PC Users Bible
In the early days of personal computers, the graphics controller received nothing but text elements-letters, numbers, and a few other odd characters and symbols-so it didn't have much work to do. If you've been working with computers for a while, you might remember those old monochrome monitors that displayed everything in green or white or orange on a black background.
When color monitors and graphical user interfaces like Windows came along, the CPU suddenly had to handle a lot more graphics information. So accelerators were introduced that could offload much of that burden from the CPU. Instead of sending the graphics controller every detail of every pixel, an accelerator card already knew, for example, what many elements of a window looks like; the device driver would tell the accelerator, "Place a window in this location, with this information inside." The accelerator would then draw the window. This allowed the CPU to devote more of its time to other activities, while the video accelerator created images for the monitor far more quickly.
Today, Windows and other modern operating systems send much more complex data to the video subsystem, including text in a variety of typefaces, windows, icons and other graphic elements, still pictures, and moving images with thousands of shades of color and even the illusion of three dimensions on a flat screen. As the graphics controller has taken over more and more processing from the CPU, it has evolved into a second small computer system that assists the main processor. Graphics controllers have become a specialized part of the larger computer industry, dominated by a small handful of companies.
Figure 10.1 shows how a video controller moves graphic information from the computer's CPU to the display monitor. Like the computer's motherboard, the graphics card has a BIOS that contains instructions and timing information and also tests the card's inputs, outputs, and onboard memory in response to an instruction from the system BIOS. The graphics processor receives information from the computer's chipset and uses the BIOS settings to convert that information to a video image. After the operating system begins, the video device driver takes over control of the image from the BIOS.
If the controller is connected to an analog monitor, the video image passes through a digital-to-analog converter (a DAC or RAMDAC) on its way to the monitor. If the controller is connected to a digital monitor, the image goes directly to the monitor through a DV-I (digital video interactive) interface. Like the computer's CPU, the graphics controller uses RAM on the graphics card to hold incoming information from the CPU before the graphics processor can work on it and outbound images on the way to the monitor.
The monitor renews the on-screen image 60 or more times per second, but the graphics controller produces pixels more quickly than that, so the controller stores both the current image and the image under construction in part of the RAM mounted on the video card. The portion of video RAM that holds completed images is called the frame buffer.
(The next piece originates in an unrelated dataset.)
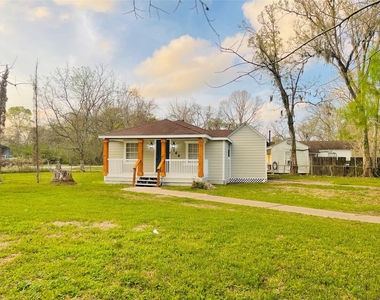 166 Sycamore Street - Photo Thumbnail 3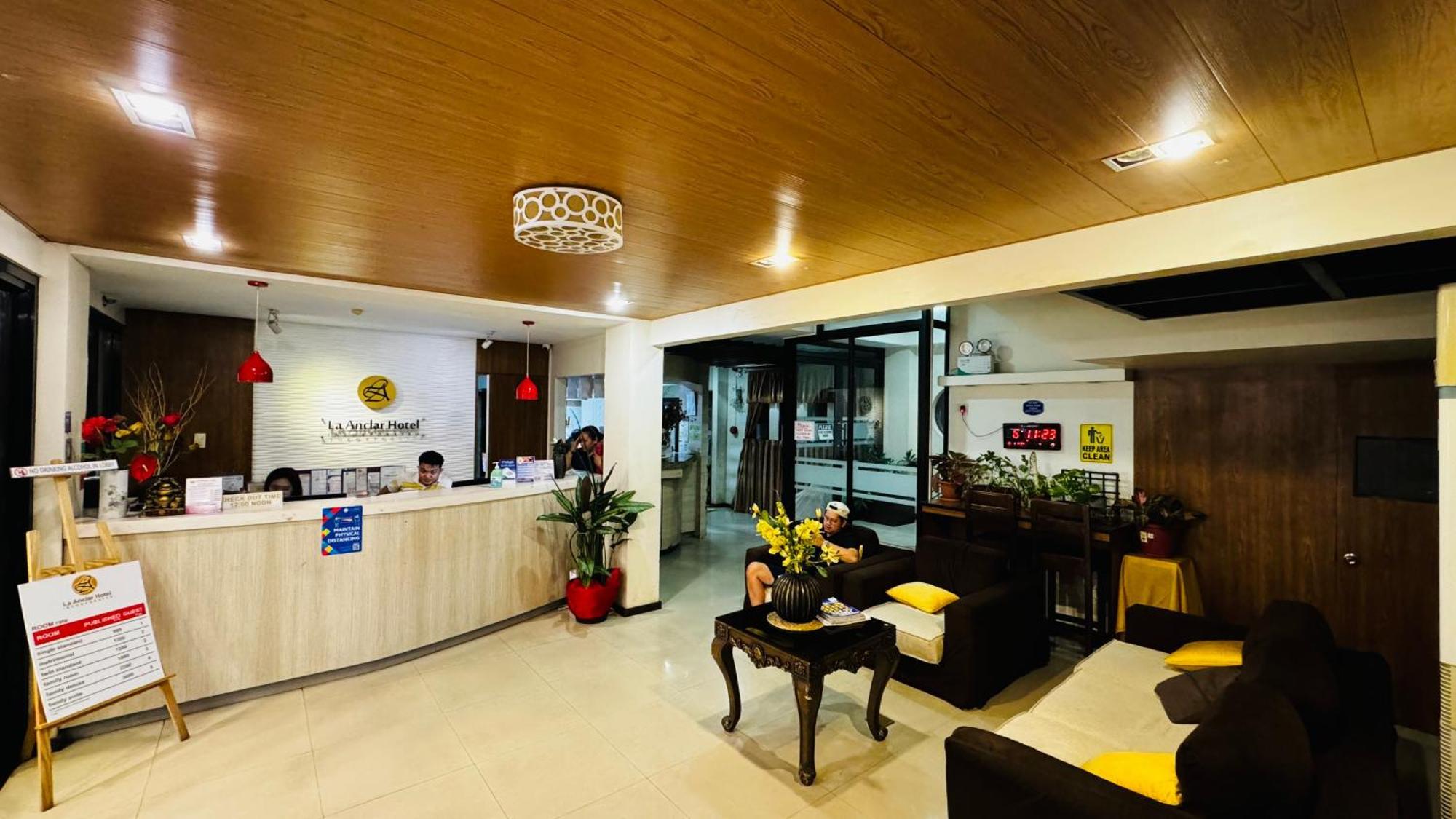 La Anclar Hotel Davao City Exteriör bild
Like the computer's CPU, video processors can handle data at very high speeds, which often produces a lot of heat on the surface of the processor chip. Therefore, most graphics controllers have heat sinks and fans to move heated air away from the surface of the printed circuit card. Unfortunately, the fans on many graphics cards are louder than CPU fans, so the video card is often one of the noisiest components inside the computer. If this is a problem in your office or home, you can replace the fan with a silent heat sink that uses copper fins or a heat pipe, like the ones made by Zalman and Thermaltake.